Disse o compositor norte-americano George Gershwin que conseguia frequentemente ouvir música no coração do ruído. Volvido quase um século é oportuno sublinhar os milhares de fãs que são guiados pelos murros invisíveis que o som pode dar, socando as notas em tempos impróprios e questionando os limites impostos pelo ideal fantasma do que deve ou não ser música. Assim se explica a enchente do derradeiro dia deste sexto NOS Primavera Sound, encabeçado por Aphex Twin.

Ao longo do dia ficou também marcado que diferentes origens geográficas resultam em abordagens e processos distintos. O início da tarde reconheceu os malianos Songhoy Blues como um veículo de inevitável animação, concentrando por entre as árvores do Palco . um sarau trabalhador de discípulos da influência do ícone Ali Farka Touré. Não muito depois coube à brasileira Elza Soares, mais abaixo na colina do Palco Super Bock, encher o coração. A mulher, a cor da pele e a carne como palavras-chave d’A Mulher do Fim do Mundo, rainha no seu trono da idade e da circunstância, ordenou à Primavera que se interrompesse para se ouvir cantar o fardo e a angústia até ao fim dos dias.

 

O final da tarde ficou marcado pelos comportamentos díspares do rock psicadélico. Primeiro uns Wand com medo de meter o pé no acelerador (terá sido uma miragem aquela “Floating Head” no início?), muito aquém do potencial do fuzz avassalador que conhecemos da escola de Ty Segall. Depois uns The Growlers a reclamarem o Palco NOS para apresentar City Club, um disco mais próximo do garage e de um surf rock lo-fi, e nitidamente mais próximos do público apesar da difícil hora – a mesma que condenou Angel Olsen um dia antes. O resultado foi a banda sonora ideal para um pôr-do-Sol quente com Brooks Nielsen, na voz ao comando da trupe californiana, a repartir o suor múltiplas vezes com o público. E já com a tarde transformada em noite, a hora de jantar estendeu-se ainda a um concerto da japonesa Mitski no Palco Pitchfork, a «nossa melhor rapariga americana» parafraseando um single que diz ainda não odiar. Num alinhamento dividido entre Bury Me At Makeout Creek e o mais recente aclamado Puberty 2, foi dada uma lição de indie rock de estrutura fácil mas bem-parecido e lustroso, de lírica complexa e emocional.

 

A montra final deste NOS Primavera Sound voltou a arrastar dois públicos distintos a dois pontos diferentes do recinto.

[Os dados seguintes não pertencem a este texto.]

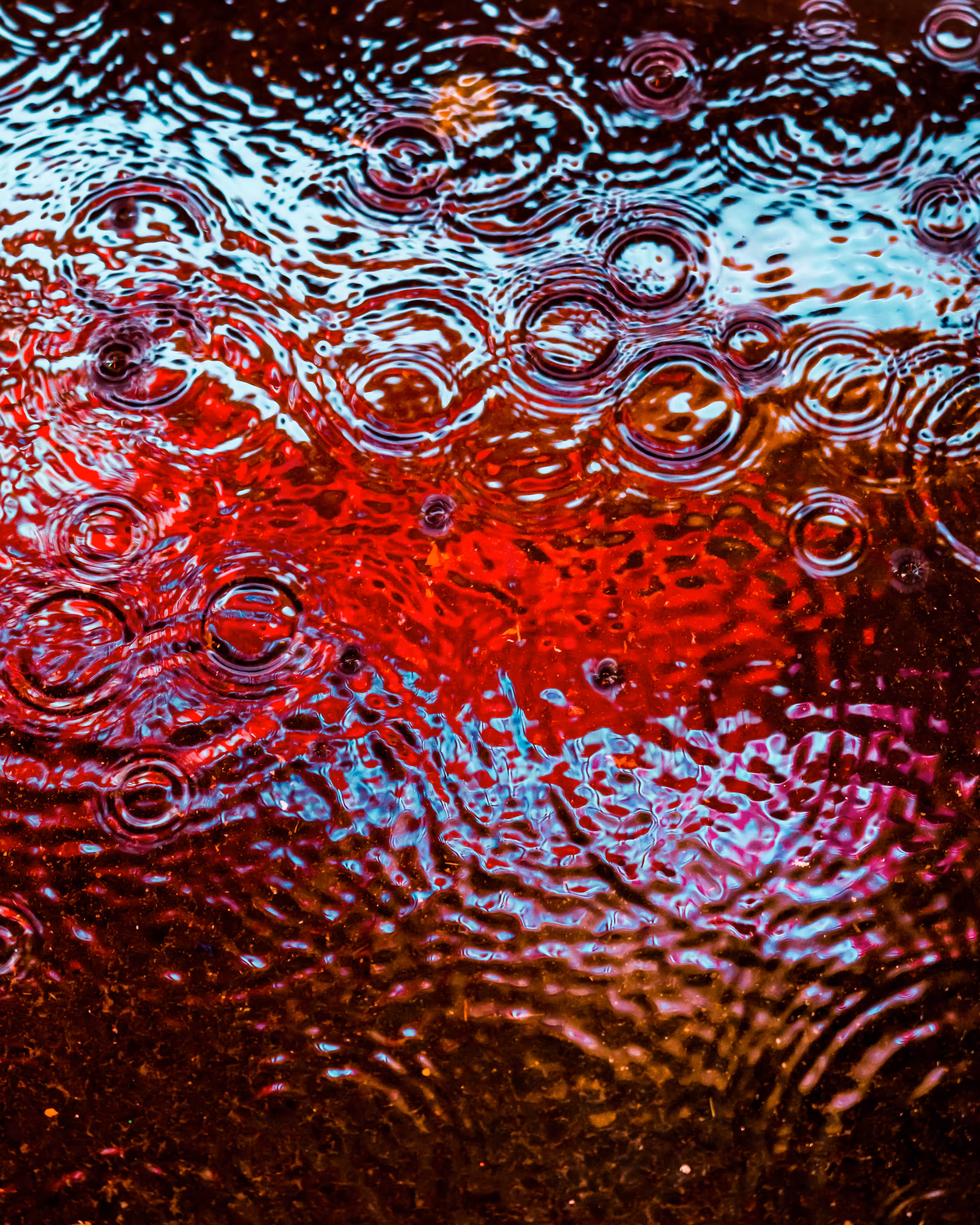 DRIP DROP: DRIP #790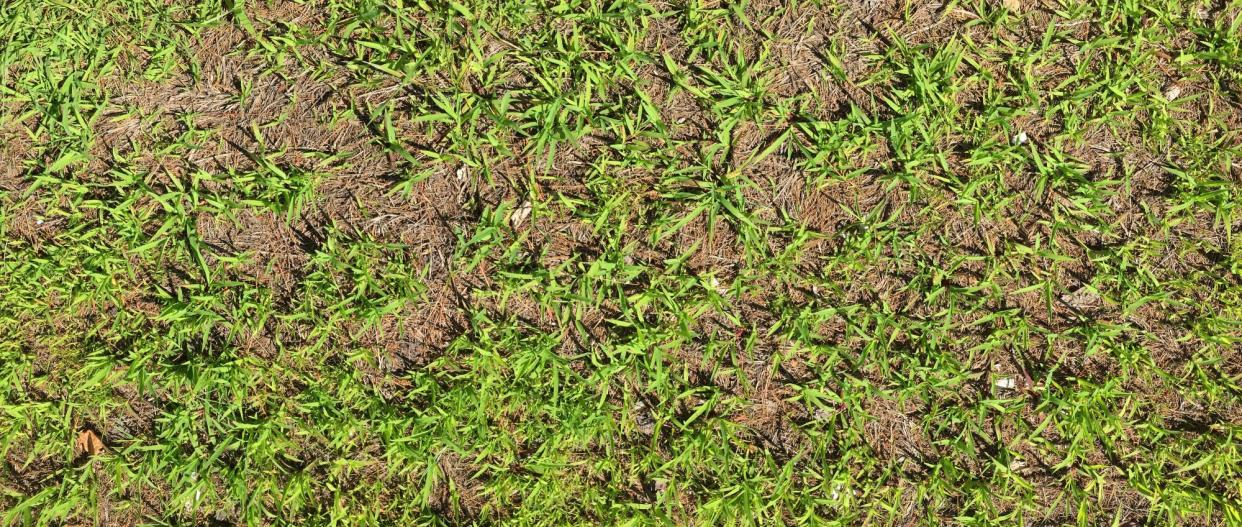 Crabgrass infestation in home lawn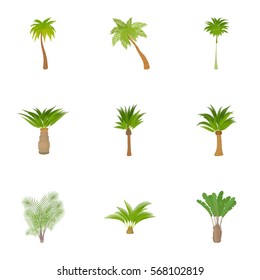 Palma icons set. Cartoon illustration of 9 palma vector icons for web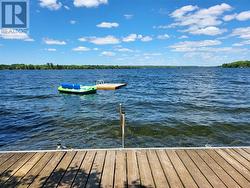 Swim dock - 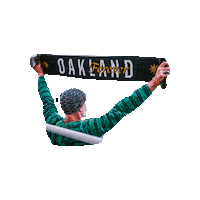 Soccer Banner Sticker by Oakland Roots SC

No quasi-cavernoso espaço imposto pela noite da clareira do Palco . gritou-se a desconstrução sónica. Death Grips, fúria e pânico de mãos dadas, arrebataram a ânsia da sua estreia em Portugal em meio-segundo e não mais pararam. Faixa atrás de faixa, sem pausa entre elas e com um Zach Hill em alta rotação a castigar a bateria, MC Ride foi ministro da desordem, palavra da hecatombe e corpo da ruína. De “Whatever I Want (Fuck Who’s Watching)” a “Guillotine” foi uma chispada tanto em palco como à sua frente. Strobes, incontáveis bpms e uma quantidade absurda de graves propiciaram um concertão em que toda a violência e emancipação se resumiram a «YUH»’s gritados aqui e acolá. Livrou-se do estalo quem encheu o palco principal para um sempre aplaudido regresso de Metronomy, agora com Summer 08 para apresentar e os habituais temas de The English Riviera e Love Letters conjugados para a dança conjunta entre a pop e a electrónica.

 

E questões que realmente interessam. O que é mesmo uma garagem e o que é isso do rock? Mais importante ainda: quão alto podemos tocar? As respostas foram dadas pelos Japandroids. Brian King e David Prowse, guitarra e bateria respectivamente e ambos com papéis na voz, tomaram de assalto o Palco Super Bock para múltiplas camadas de amplificação. Som alto, definido e rock. ROCK. Daquele puro, selvagem, desconcertante e de rápida aprendizagem. ROCK com tratos de punk, que faz cair umas partículas de pó do tecto da garagem e que prova que uma dupla é tudo aquilo que o rock precisa para ser realmente rock. Na cabeça ficaram as faixas do novo Near To The Wild Heart Of Life, mas foi com a inevitável “The House That Heaven Built” que se celebrou o rock, se empoleirou na bateria e se desejou uma boa noite de sono à maneira canadiana. Que tipos valentes.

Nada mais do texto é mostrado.